[Date Prev][Date Next][Thread Prev][Thread Next][Date Index][Thread Index]

parallelism in a single instance of scrypt



Hi Colin and all,

Colin - impressive work on scrypt.  Thanks!

I've skimmed over the two PDFs (paper and slides) and the source code
for scrypt-1.1.6.  Frankly, I have not fully "read" any of this yet, but
I thought I'd ask the following question now anyway, because I think it
should be answered in the paper and/or slides more prominently - such
that one would find the answer right away.  So by being lazy I am trying
to help improve the materials available on scrypt. ;-)

How much parallelism is there in a single instance of the scrypt key
derivation function?  I notice that you have an implementation for SSE2,
which means 4x parallelism (right?), but can it be extended further -
say, to use multiple CPU cores for a single scrypt computation?  What is
going to happen when x86-64 CPUs with AVX (256-bit vectors) hit the
market - will it be possible to make optimal use of them?  And chances
are that future CPUs and GPUs (or hybrids) will have even more cores and
longer vectors.  If this silicon can't be used optimally for "defensive"
uses of scrypt (enabling more extensive use of key stretching), then
that's a major shortcoming of scrypt.  (bcrypt and all others are
similarly problematic in this respect, which I complained about 10+
years ago, and I was hoping that the replacement would address this - in
fact, I did some work on this area at the time, but never finished that.)

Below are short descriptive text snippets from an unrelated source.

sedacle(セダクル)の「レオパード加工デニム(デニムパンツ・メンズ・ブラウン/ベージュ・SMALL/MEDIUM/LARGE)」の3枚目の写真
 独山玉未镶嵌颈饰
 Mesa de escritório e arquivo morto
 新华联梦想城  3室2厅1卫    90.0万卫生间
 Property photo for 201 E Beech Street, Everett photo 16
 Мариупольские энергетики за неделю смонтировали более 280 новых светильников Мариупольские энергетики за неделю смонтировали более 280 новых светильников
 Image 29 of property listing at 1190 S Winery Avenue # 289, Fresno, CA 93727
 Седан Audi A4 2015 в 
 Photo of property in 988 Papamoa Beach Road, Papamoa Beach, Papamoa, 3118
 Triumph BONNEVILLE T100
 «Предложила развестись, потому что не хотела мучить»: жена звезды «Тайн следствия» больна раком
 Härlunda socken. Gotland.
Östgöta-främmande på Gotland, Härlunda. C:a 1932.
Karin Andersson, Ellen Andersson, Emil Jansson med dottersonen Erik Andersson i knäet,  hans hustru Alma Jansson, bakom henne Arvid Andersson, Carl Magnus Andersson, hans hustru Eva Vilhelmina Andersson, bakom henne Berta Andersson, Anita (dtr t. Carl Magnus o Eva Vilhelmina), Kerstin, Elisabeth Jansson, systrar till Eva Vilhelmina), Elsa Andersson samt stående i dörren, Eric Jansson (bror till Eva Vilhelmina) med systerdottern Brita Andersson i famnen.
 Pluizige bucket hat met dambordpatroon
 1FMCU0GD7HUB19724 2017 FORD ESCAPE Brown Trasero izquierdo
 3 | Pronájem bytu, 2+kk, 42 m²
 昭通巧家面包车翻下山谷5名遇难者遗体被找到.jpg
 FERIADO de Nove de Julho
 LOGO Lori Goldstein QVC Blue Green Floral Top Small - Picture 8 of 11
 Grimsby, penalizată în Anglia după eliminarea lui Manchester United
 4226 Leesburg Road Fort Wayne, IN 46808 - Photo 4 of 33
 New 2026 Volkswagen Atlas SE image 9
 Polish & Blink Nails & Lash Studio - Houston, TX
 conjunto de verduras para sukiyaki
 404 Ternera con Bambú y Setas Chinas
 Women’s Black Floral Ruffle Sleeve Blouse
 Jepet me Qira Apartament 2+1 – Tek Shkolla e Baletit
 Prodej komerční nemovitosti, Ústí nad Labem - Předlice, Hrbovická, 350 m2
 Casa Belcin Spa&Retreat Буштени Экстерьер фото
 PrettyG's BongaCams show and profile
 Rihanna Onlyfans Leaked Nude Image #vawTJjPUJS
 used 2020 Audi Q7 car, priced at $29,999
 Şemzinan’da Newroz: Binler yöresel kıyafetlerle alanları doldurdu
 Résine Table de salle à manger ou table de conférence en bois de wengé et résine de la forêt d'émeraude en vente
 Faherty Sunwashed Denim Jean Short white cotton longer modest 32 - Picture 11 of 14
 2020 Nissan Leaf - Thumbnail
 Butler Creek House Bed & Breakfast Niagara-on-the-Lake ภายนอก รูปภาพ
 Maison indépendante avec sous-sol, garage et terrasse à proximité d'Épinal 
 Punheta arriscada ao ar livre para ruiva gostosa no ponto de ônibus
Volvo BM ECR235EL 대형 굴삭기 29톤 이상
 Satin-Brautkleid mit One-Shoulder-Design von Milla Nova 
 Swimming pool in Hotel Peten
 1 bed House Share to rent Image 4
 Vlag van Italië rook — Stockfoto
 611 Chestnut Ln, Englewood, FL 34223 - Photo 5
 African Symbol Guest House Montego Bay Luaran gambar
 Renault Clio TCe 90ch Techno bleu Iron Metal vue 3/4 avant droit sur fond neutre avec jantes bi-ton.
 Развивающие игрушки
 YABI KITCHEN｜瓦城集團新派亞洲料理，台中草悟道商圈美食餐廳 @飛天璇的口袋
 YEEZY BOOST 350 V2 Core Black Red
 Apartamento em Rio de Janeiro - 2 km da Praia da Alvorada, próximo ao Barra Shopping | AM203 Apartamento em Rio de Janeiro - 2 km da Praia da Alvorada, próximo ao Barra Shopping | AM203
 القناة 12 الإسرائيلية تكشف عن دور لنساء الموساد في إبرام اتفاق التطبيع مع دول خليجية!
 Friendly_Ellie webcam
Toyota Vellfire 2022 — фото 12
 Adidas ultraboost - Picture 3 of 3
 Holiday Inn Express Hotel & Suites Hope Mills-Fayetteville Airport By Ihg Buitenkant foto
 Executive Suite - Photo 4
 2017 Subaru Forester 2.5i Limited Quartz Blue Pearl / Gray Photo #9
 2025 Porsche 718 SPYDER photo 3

How much pressure does scrypt place on the memory bus?  Is it CPU-bound
or I/O-bound?  If it's I/O-bound, then this might be good in terms of
required hardware cost (although this is questionable), yet it means
that it does not fully use the CPU, which is bad.  Sounds like a nasty
trade-off to me.  Ideally, a key derivation function should be able to
optimally use the hardware (all of: CPUs, GPUs, buses, memory) for a
_single_ instance of it on any common system that it is run on (of
course, the parameters may need to be tweaked by the system admin) - but
this goal is very hard to achieve.  Somehow I haven't seen the paper,
nor the slides, try to address this trade-off dilemma.  Have I missed it?

Thanks again,

Alexander